Normalidade das instituições
Nelson Rodrigues, o nosso profeta do óbvio, disse que o traço distintivo da humanidade é a capacidade de se espantar. Sem essa percepção, o ser humano fracassa, renuncia e anda de quatro. E, no Brasil atual, tenho a impressão de que estamos perdendo, gradativamente e dramaticamente, essa consciência do absurdo.
O nosso presidente politiza a pandemia como se ela fosse uma questão ideológica. Ora, neste instante, não interessa direita ou esquerda. O Congresso Nacional entendeu o momento e superou essas divergências, em sintonia com as urgências da história.

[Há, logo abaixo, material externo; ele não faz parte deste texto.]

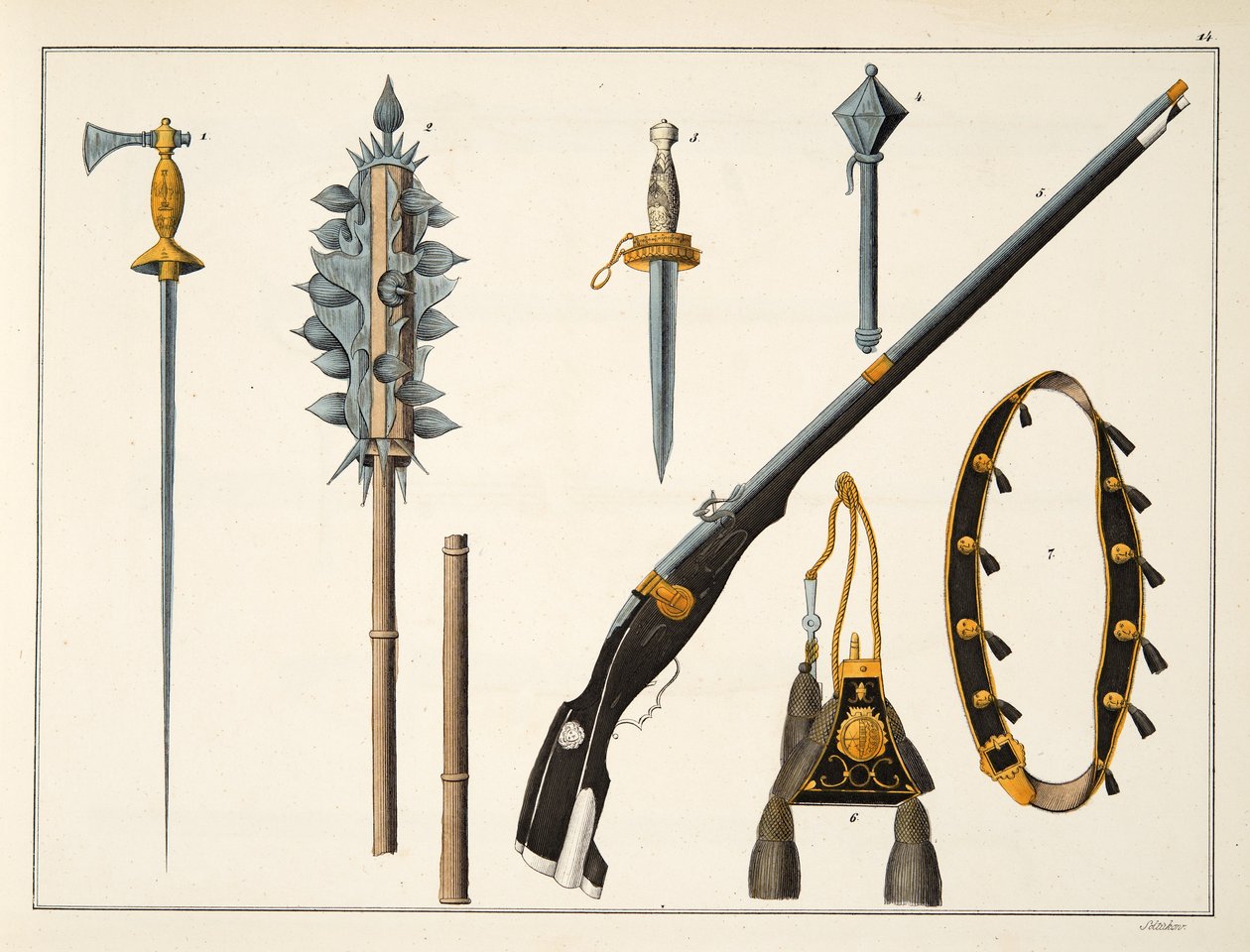 武器，包括一支火枪，c.1400，来自&39;发展历史与侠义风俗&39;，由Franz Kottenkamp博士发表，由Carl Hoffmann出版，1842年 作者 弗里德里希·马丁·冯·赖比施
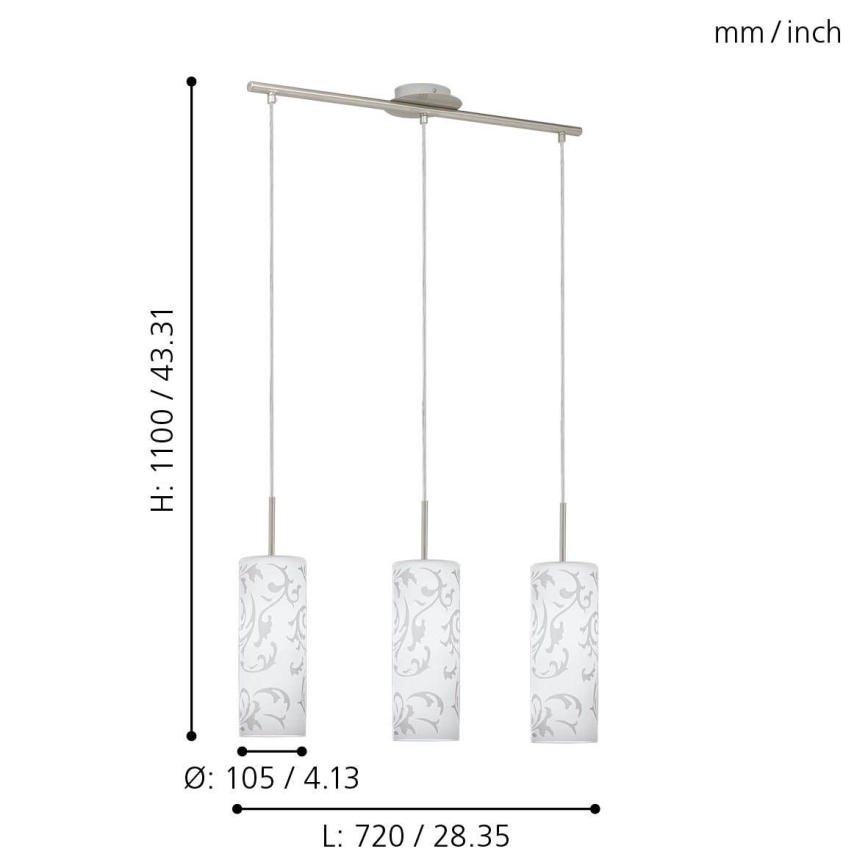EGLO - Candelabro pendente 3xE27/60W/230V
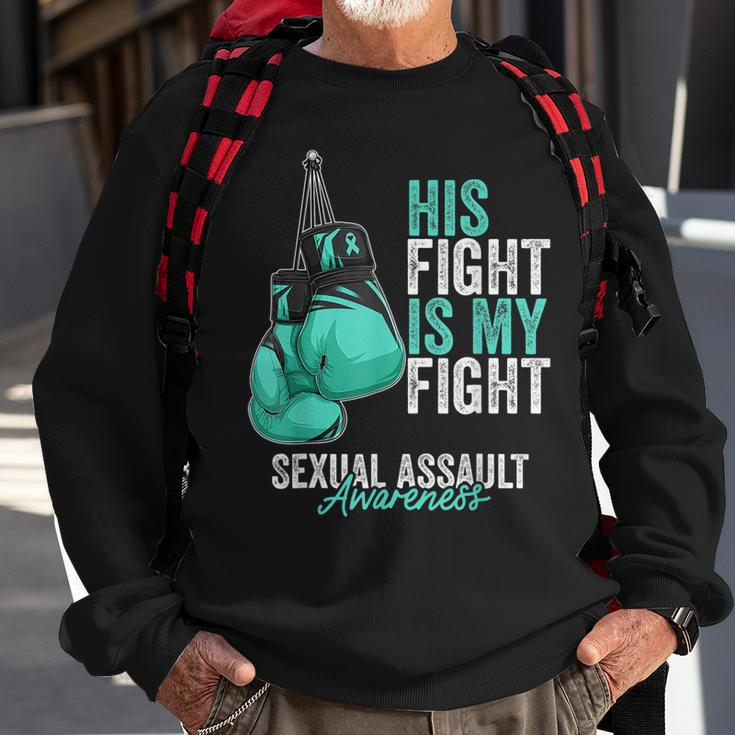 Sexual Assault Awareness Month Boxing Gloves Teal Ribbon Sweatshirt Gifts for Old Men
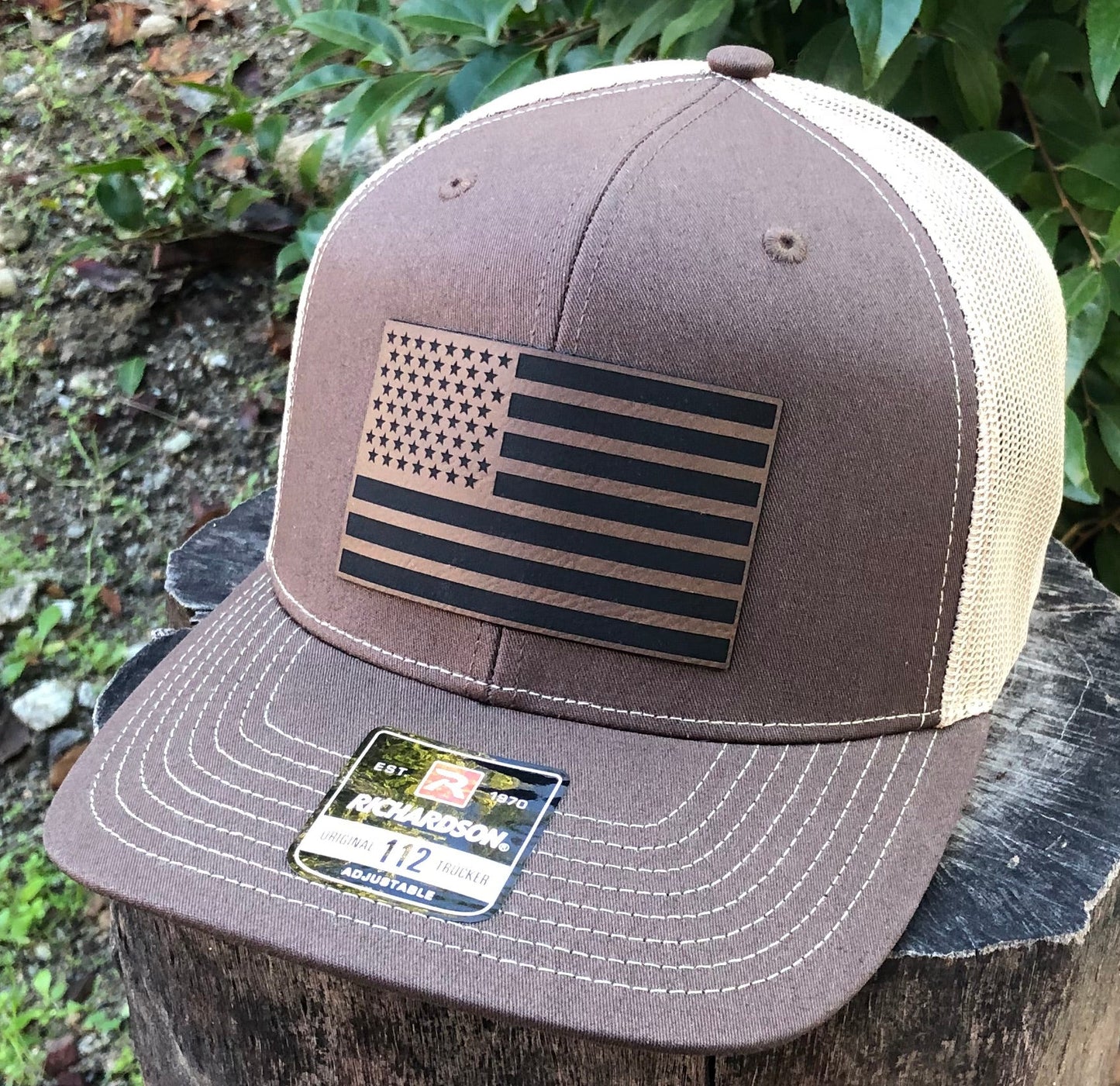 American Flag Richardson 112 Hat Leatherette Patch Brown Adjustable Made In USA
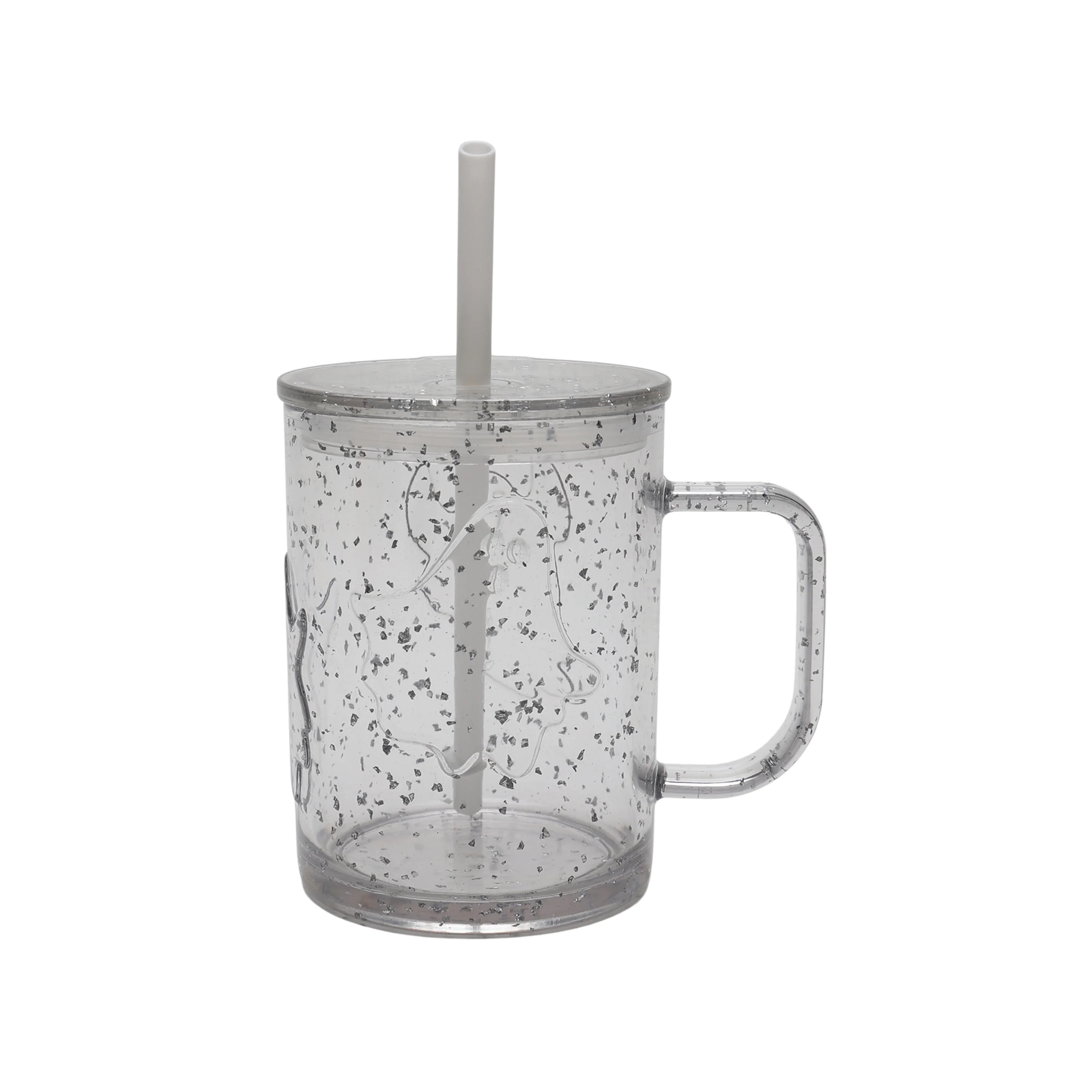 Way To Celebrate 20 Ounce Acrylic Embossed Ghost Mug, Clear Glitter | Walmart (US)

Mas, para o presidente, que ignora totalmente a tragédia humana da pandemia, quem toma cloroquina é de direita e quem é de esquerda toma Tubaína. Ele fez essa gracinha no dia em que morreram quase 1 mil brasileiros. Os despautérios se acumulam em uma sucessão vertiginosa e atordoante.
Autoridades sustentam que as instituições democráticas estão funcionando. Eu não teria essa certeza. Diria que algumas instituições e algumas autoridades estão funcionando. Se as instituições agissem como deveriam não teríamos chegado a esse ponto de desconcerto.
Quando peço que as instituições e as autoridades não se omitam ante a grave crise na qual estamos mergulhados, em nenhum momento isso significa usurpar as atribuições dos outros Poderes. Significa, simplesmente, cumprir estritamente as suas respectivas funções e responsabilidades.
Dou alguns exemplos simples. Em Brasília, o Ministério Público exerce uma atuação de crucial relevância na defesa da vida ao exigir fundamentação científica para as decisões erráticas e contraditórias do governo local. Claro, os governantes ficam irritados, reclamam, esperneiam. Não importa, o MP existe para isso.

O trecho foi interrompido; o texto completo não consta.